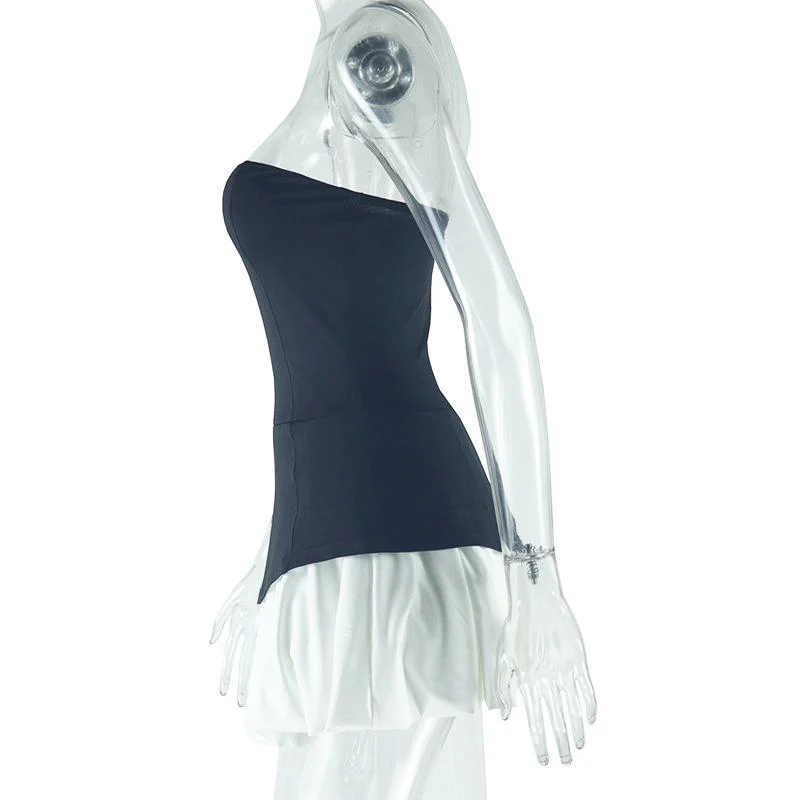 Sweetheart neck patchwork backless tube mini dress - Image 3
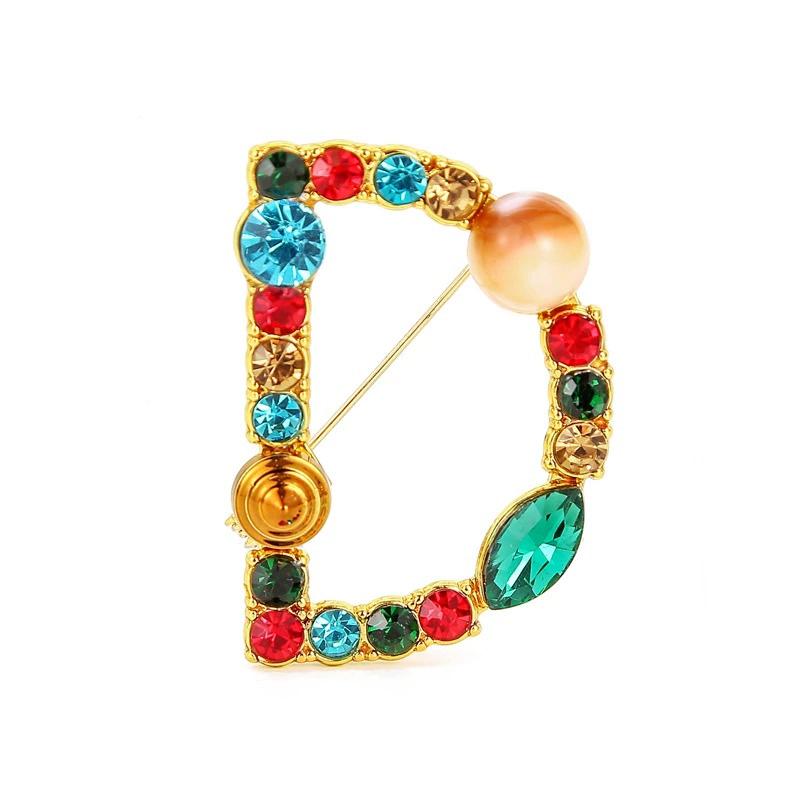1PC 26 Letters Colorful Jewelry Gifts for Women Alphabet Brooch A-Z Rhinestone Letter Pin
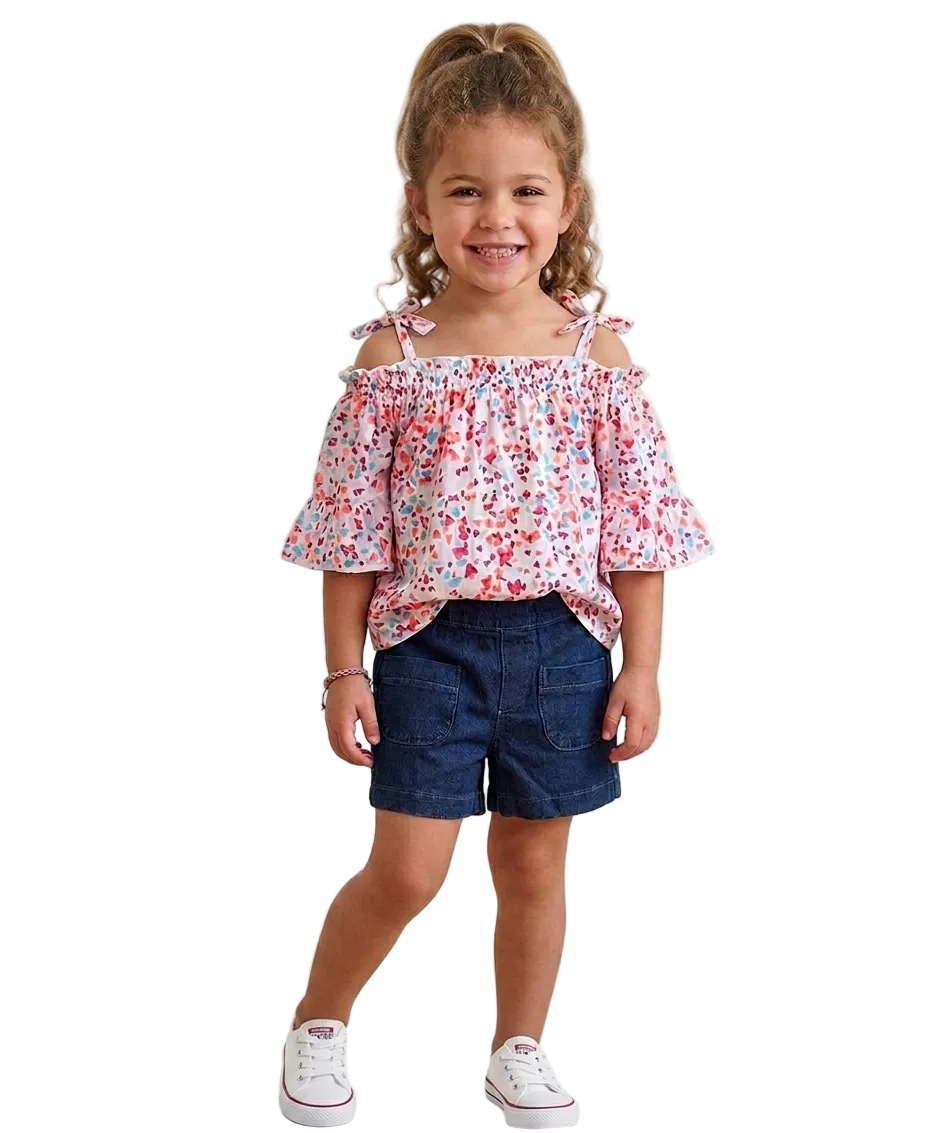 Girl Cold Shoulder Floral Short Set (2-4), (5-8) $6.00 per Piece SS2071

- _What is being asked_:
Output, exactly and without pictures, the span of lines that starts at the line containing "1PC 26 Letters" and ends at the last line above.

- _Written solution_:
1PC 26 Letters Colorful Jewelry Gifts for Women Alphabet Brooch A-Z Rhinestone Letter Pin
 Girl Cold Shoulder Floral Short Set (2-4), (5-8) $6.00 per Piece SS2071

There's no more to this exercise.